According to France, “our new television lineup changed the sport. We instantly reached a broader audience. NASCAR went from a haphazard schedule of mostly cable broadcasts to a coordinated schedule that airs primarily on broadcast television.” While France asserts the new contract makes it easier for fans, or potential fans, to find the races on television, the schedule is still split among three networks instead of one. While NASCAR taking over the fees negotiation did substantially increase how much track owners receive, it also increased the networks’ investment that has to be recouped. Industry analyst Dennis McAlpine confirms the financial consequences of the investment, “The simple fact is the rights will be so expensive that whoever gets it will also have to spend a lot to promote it and try to get their money back,”29 hence, viewers of the Bristol race being reminded 31 times to watch SportsCenter after the race.

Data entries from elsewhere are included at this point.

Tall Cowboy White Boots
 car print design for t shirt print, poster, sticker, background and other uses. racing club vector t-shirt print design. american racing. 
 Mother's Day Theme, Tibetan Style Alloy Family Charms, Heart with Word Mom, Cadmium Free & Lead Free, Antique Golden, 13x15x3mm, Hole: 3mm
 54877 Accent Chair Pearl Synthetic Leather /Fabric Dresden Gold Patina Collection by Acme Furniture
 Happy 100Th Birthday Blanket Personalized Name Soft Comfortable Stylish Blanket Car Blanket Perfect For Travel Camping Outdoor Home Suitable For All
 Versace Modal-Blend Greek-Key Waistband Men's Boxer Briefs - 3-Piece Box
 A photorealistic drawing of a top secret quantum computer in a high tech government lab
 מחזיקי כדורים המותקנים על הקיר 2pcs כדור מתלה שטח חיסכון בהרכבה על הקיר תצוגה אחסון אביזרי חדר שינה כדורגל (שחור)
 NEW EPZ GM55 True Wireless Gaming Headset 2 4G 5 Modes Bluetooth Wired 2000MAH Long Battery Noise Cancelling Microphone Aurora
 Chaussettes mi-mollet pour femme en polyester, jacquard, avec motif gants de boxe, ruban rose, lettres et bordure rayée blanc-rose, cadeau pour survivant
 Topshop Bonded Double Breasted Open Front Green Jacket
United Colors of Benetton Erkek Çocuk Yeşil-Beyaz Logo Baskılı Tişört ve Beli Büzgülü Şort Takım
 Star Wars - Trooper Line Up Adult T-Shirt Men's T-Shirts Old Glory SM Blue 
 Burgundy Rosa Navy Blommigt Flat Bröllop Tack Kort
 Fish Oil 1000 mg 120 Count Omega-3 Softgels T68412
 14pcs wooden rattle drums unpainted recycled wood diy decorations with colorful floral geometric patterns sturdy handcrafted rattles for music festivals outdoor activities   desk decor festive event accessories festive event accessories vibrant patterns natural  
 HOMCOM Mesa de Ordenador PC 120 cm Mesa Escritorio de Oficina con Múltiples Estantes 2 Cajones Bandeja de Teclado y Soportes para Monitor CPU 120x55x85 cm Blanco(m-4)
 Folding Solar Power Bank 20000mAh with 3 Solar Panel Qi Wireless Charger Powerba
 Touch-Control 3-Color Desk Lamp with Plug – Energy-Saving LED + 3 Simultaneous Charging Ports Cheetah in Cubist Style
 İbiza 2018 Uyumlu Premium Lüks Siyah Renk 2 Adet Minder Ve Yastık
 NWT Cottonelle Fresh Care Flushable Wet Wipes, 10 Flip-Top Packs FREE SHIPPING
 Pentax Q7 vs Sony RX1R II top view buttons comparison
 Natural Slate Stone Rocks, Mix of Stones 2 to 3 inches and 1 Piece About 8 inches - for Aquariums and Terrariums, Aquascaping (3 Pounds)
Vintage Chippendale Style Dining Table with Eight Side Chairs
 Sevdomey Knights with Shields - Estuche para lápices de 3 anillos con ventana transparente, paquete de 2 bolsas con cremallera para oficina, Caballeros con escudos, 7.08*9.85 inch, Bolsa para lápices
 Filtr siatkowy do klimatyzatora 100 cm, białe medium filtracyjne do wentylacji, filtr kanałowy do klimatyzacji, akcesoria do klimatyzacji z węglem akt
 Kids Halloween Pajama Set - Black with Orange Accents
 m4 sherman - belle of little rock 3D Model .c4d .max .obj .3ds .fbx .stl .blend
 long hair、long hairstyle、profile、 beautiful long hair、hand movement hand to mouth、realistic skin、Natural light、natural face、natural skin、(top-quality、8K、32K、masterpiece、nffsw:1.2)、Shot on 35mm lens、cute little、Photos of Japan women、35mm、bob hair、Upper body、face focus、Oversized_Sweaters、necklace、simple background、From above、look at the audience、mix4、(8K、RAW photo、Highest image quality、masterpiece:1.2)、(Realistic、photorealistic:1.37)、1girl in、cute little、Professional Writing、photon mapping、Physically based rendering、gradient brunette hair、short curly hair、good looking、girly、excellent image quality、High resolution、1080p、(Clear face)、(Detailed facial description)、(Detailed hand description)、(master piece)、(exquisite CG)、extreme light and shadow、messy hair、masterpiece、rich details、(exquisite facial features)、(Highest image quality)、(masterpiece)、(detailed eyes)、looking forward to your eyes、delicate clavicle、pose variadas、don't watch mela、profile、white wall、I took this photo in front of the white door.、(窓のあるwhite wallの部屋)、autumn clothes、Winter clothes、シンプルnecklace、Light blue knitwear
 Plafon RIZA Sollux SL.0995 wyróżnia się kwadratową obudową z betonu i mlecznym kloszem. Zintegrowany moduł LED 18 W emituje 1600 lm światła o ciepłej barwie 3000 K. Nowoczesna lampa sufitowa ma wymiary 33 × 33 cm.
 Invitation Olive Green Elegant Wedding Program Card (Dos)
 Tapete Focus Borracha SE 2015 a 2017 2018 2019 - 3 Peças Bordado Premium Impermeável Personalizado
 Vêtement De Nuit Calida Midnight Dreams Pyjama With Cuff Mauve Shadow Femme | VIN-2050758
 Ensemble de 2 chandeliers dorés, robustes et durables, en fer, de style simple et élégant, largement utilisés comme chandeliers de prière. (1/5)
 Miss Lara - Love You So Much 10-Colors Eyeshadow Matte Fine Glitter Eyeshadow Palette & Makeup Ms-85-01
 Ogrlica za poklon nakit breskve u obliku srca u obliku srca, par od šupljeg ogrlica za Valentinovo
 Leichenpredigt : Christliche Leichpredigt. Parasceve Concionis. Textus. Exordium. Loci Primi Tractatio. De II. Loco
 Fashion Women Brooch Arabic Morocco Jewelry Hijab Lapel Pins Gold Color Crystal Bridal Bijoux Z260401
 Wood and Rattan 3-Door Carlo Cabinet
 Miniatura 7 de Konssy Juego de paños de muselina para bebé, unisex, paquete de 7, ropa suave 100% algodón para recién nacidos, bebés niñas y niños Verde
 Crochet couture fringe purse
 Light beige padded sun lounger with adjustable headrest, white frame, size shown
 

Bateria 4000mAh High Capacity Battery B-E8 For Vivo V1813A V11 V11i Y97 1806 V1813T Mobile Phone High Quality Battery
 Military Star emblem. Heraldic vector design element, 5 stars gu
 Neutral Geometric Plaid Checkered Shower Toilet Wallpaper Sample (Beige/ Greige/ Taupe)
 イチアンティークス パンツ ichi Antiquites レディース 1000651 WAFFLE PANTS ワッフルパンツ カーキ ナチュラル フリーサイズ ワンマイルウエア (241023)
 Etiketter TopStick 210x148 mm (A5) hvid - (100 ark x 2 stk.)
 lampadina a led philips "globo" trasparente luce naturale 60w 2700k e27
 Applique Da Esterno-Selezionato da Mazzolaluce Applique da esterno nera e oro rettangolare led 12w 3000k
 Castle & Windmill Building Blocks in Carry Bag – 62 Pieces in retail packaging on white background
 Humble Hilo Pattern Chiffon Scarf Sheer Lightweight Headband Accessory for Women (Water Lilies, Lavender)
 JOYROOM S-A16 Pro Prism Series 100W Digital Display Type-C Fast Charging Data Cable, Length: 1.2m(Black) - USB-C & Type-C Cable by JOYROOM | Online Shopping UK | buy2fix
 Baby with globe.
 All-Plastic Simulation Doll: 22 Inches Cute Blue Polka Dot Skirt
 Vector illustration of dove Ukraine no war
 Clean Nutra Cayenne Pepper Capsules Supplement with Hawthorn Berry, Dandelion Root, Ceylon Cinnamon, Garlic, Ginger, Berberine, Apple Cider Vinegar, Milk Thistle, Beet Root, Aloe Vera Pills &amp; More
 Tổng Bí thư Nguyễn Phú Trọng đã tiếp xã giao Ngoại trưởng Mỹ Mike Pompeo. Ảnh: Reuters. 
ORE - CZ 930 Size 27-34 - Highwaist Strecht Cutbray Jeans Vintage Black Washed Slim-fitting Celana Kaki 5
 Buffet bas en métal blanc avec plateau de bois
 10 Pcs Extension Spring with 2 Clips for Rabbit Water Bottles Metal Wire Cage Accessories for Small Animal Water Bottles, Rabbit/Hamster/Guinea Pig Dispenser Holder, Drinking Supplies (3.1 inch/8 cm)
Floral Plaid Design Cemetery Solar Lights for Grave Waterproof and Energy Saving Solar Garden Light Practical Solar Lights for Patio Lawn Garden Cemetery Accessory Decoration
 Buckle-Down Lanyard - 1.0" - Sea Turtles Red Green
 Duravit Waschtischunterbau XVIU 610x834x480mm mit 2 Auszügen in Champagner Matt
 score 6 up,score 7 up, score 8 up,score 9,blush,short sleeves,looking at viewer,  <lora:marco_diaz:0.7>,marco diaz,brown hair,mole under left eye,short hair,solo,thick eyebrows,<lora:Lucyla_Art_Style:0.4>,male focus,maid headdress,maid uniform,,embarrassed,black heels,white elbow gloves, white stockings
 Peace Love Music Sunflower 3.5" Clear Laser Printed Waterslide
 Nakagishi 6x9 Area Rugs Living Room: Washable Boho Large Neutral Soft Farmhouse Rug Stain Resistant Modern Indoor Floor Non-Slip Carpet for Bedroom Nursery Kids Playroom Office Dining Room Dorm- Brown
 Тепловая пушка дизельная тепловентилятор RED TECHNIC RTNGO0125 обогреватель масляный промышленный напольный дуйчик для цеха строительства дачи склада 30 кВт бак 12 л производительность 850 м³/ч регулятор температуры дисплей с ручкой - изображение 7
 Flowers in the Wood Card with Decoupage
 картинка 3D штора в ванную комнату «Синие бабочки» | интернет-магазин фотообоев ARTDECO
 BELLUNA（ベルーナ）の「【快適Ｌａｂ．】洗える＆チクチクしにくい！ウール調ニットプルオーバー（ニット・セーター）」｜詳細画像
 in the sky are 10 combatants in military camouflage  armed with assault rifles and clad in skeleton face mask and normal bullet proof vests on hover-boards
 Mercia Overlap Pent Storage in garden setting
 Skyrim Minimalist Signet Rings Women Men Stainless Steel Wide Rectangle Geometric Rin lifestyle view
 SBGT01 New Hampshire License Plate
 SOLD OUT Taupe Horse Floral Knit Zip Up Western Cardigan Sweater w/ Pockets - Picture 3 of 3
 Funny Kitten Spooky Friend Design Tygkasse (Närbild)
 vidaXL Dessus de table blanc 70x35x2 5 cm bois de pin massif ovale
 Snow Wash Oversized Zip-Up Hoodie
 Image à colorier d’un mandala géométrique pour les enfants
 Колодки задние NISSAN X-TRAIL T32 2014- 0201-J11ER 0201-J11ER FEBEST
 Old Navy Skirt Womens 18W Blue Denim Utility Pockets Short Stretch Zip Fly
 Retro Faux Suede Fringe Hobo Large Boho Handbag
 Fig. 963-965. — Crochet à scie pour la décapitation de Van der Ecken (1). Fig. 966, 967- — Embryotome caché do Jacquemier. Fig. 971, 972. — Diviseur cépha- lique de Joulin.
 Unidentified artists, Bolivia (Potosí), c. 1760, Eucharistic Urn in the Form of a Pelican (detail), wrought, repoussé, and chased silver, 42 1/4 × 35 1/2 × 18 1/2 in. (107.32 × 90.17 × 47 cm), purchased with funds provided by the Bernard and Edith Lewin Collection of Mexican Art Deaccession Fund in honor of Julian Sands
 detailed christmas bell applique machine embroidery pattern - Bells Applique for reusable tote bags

Of course, the most obvious way to make a profit on their investment is for the networks to increase ratings of the races. Prior to the first race on ESPN, commercials celebrating NASCAR’s return aired on ESPN and ESPN2. With their resources as part of the Disney family, ABC and ESPN created original programming to expose potential viewers to NASCAR. ESPN and its outlets, including ESPN2, air approximately 66 hours of NASCAR-related programming a week, including “NASCAR: The Dirt,” “Race Wizard,” and “NASCAR Tonight.” Also, by virtue of its pseudojournalistic position, ESPN can emphasize NASCAR in its reporting, “like it’s a real sport.” There have been suggestions that prior to the broadcast deal, ESPN increased its coverage of NASCAR in its news programming to gain favor. With the contract, ESPN has even more reason to feature NASCAR instead of other sports in its reporting. With its news reporting, ESPN can tantalize viewers by dramatizing the action of NASCAR with specially selected highlights from races.
ABC capitalized on the current reality TV craze by creating two original series, “Fast Cars & Superstars—Gillette Young Guns Celebrity Race” and “NASCAR in Primetime.” The first, “Fast Cars” built on Gillette’s advertising campaign featuring six young drivers: Ryan Newman, Carl Edwards, Jimmie Johnson, Kasey Kahne, Kurt Busch, and Jamie McMurray. The show featured 12 athletes and entertainers, such as John Elway, Tony Hawk, Jewel, William Shatner, and Bill Cowher, who after training and coaching by the drivers, competed on the track. “Fast Cars” premiered on June 7 and aired for seven weeks. ABC’s second NASCAR-themed show of the summer, “NASCAR in Primetime” aired for five weeks beginning August 8, on Wednesday nights at 10 P.M. This docu-reality show offered viewers the personal and professional stories of their favorite drivers. Presenting NASCAR in primetime was a very clever maneuver by ABC. These programs aired in the weeks preceding ESPN/ABC’s portion of the Nextel Cup schedule. By airing these programs in primetime, ABC exposed racing to viewers who may never have seen a race. “Fast Cars” and “NASCAR in Primetime” could reach non-sports viewers. The goal was surely to drive new viewers to the Nextel Cup races televised on ESPN and ABC.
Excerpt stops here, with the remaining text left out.